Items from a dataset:
[Start of section]

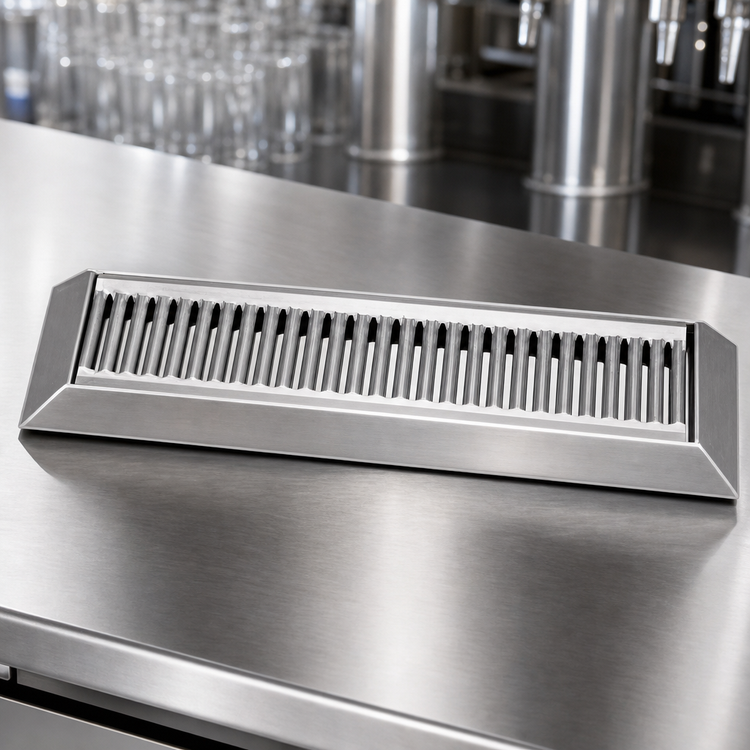 Product image #4 for Micro Matic Surface-Mount Stainless Steel Drip Tray Trough with 1/2-Inch Drain, 16 x 6-1/2 Inches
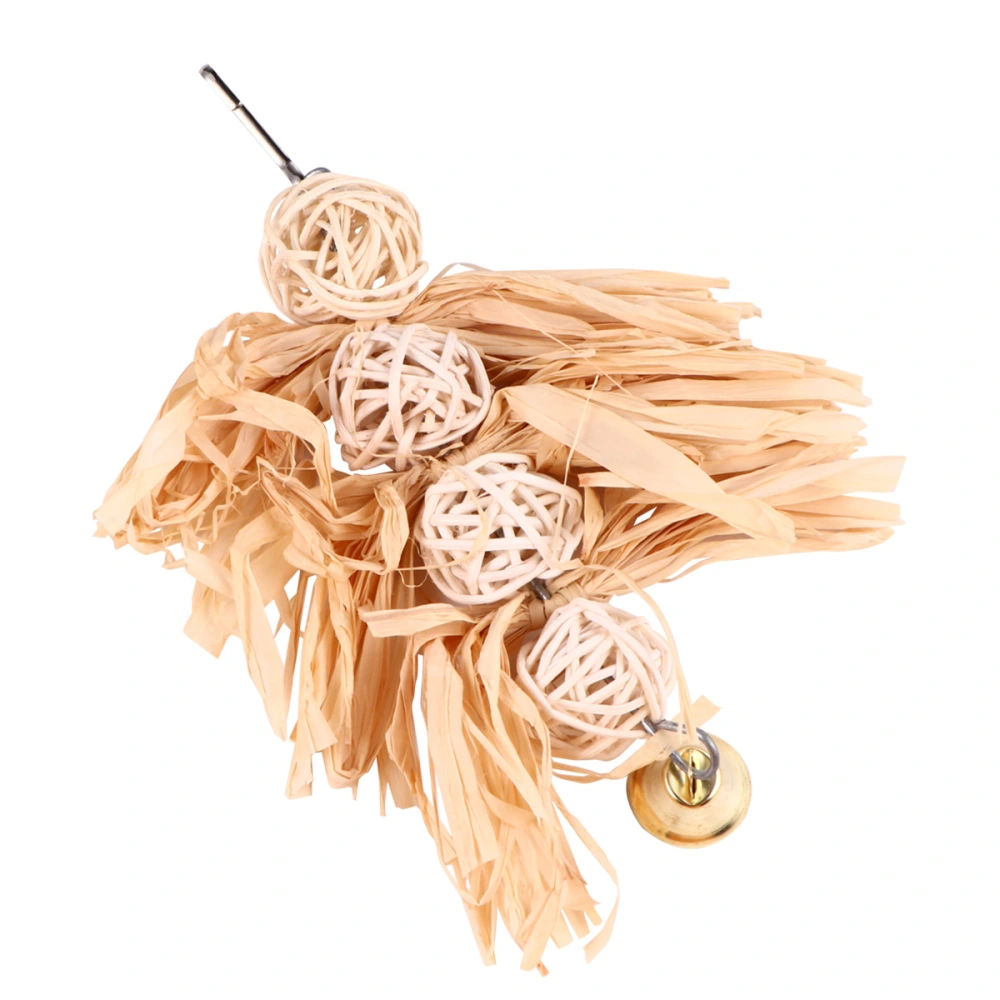 Birds Chewing Toy Raffia Loofah Vine Ball Hanging Bird Teeth Grinding Toy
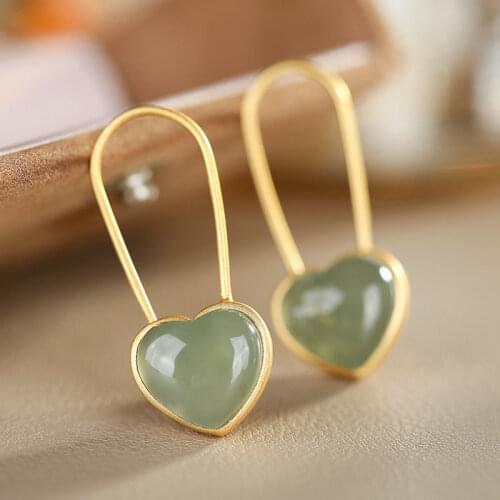 New silver inlaid natural Hetian jade heart-shaped ear hooks Chinese retro romantic small fresh fairy cute womens brand jewelry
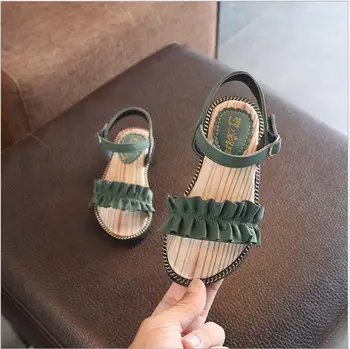 

New Children Girls Summer Shoes Kids Sandals For Girls Leather Peated Princess Shoes Girls Sandals Fashion Beach shoes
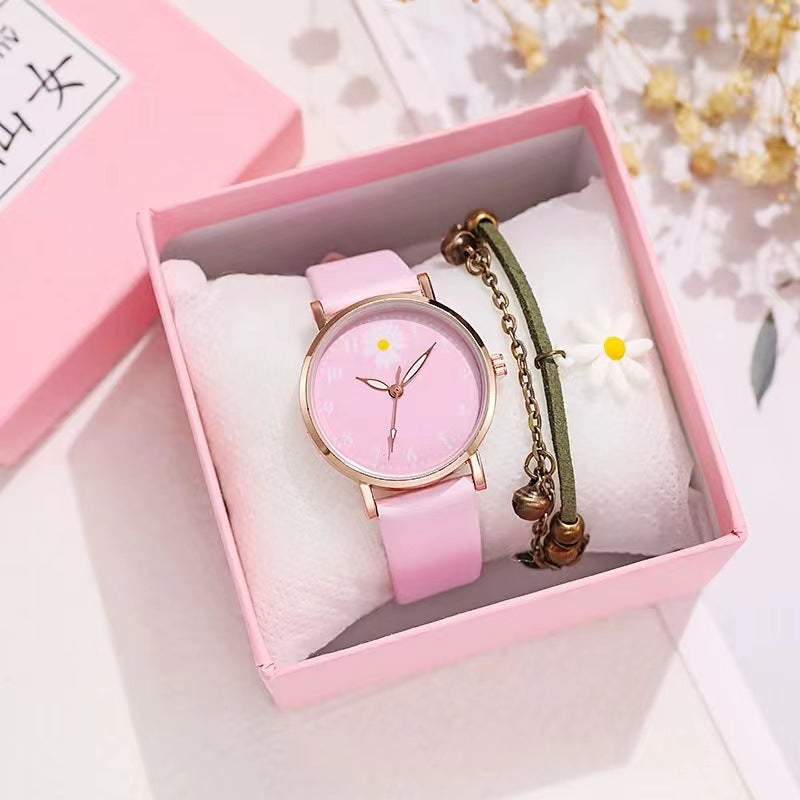 Little Daisy Girl Watch Mori Style Ins College Style Artistic Retro Hong Kong Style Student Women's Watch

[End of section]

THE PROBLEM: With the pictures left out, copy exactly the lines from the one containing "New Children Girls" through the last line of the data.

RESPONSE BOX:
New Children Girls Summer Shoes Kids Sandals For Girls Leather Peated Princess Shoes Girls Sandals Fashion Beach shoes
 Little Daisy Girl Watch Mori Style Ins College Style Artistic Retro Hong Kong Style Student Women's Watch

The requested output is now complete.